- _Information supplied_:
______________________________
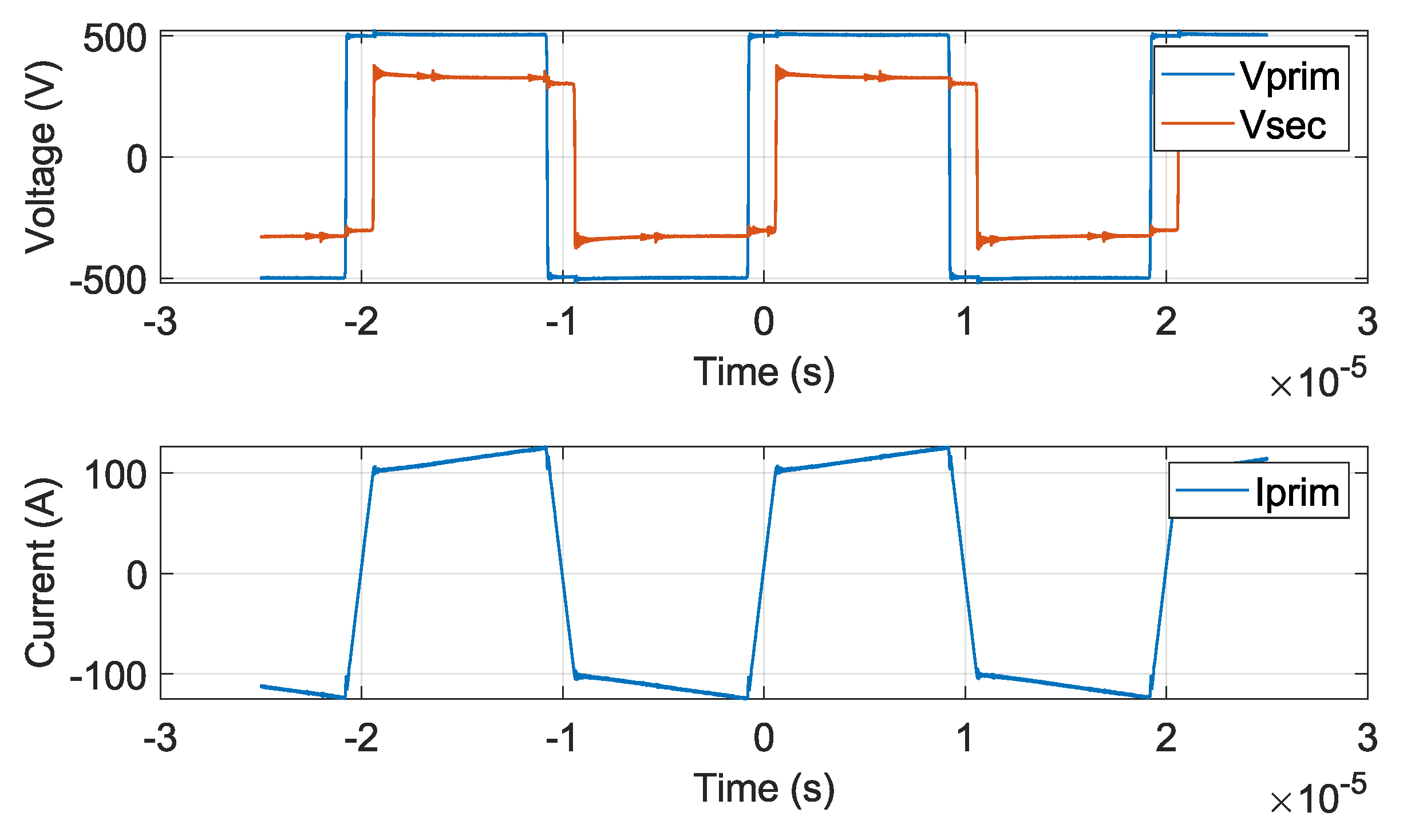 Energies 16 02341 g028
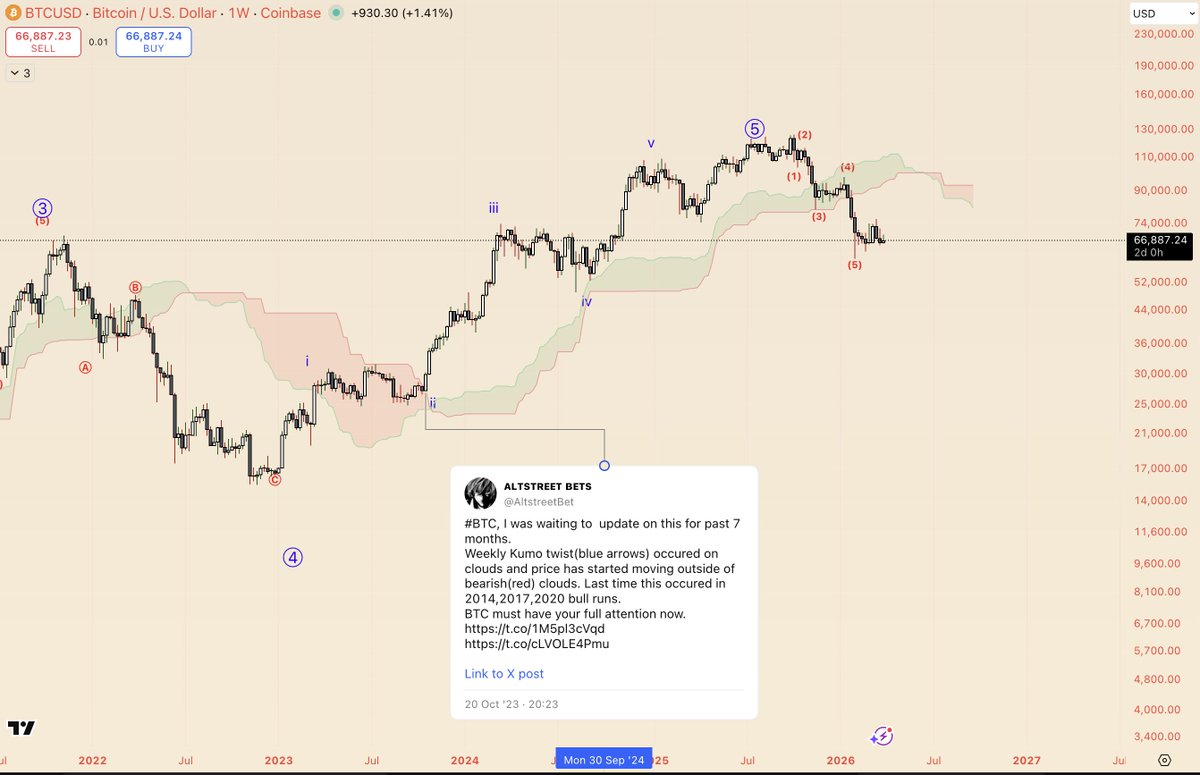 ᴀʟᴛꜱᴛʀᴇᴇᴛ ʙᴇᴛꜱ tweet media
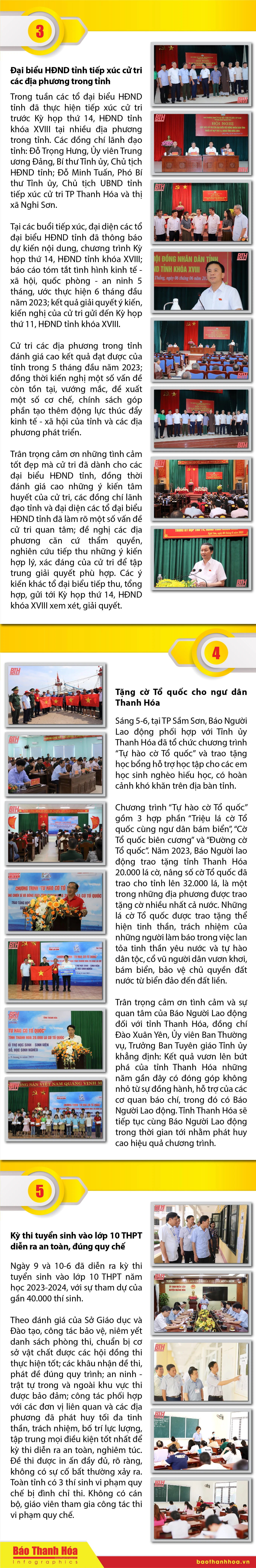 [Infographics] - Những sự kiện nổi bật trong tuần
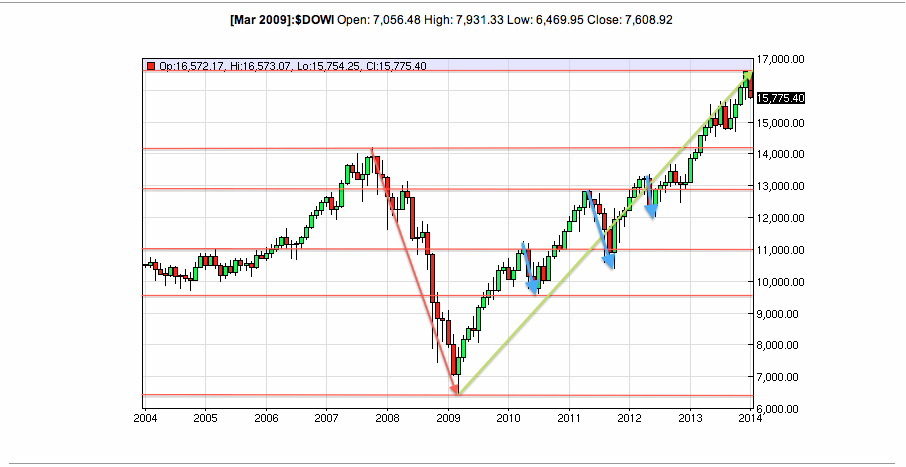 Dow Jones Industrial Average_2004-2014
______________________________
- _Brief_: Reproduce the lines above letter for letter. The pictures stay behind.

- _Task output_:
 Energies 16 02341 g028
 ᴀʟᴛꜱᴛʀᴇᴇᴛ ʙᴇᴛꜱ tweet media
 [Infographics] - Những sự kiện nổi bật trong tuần
 Dow Jones Industrial Average_2004-2014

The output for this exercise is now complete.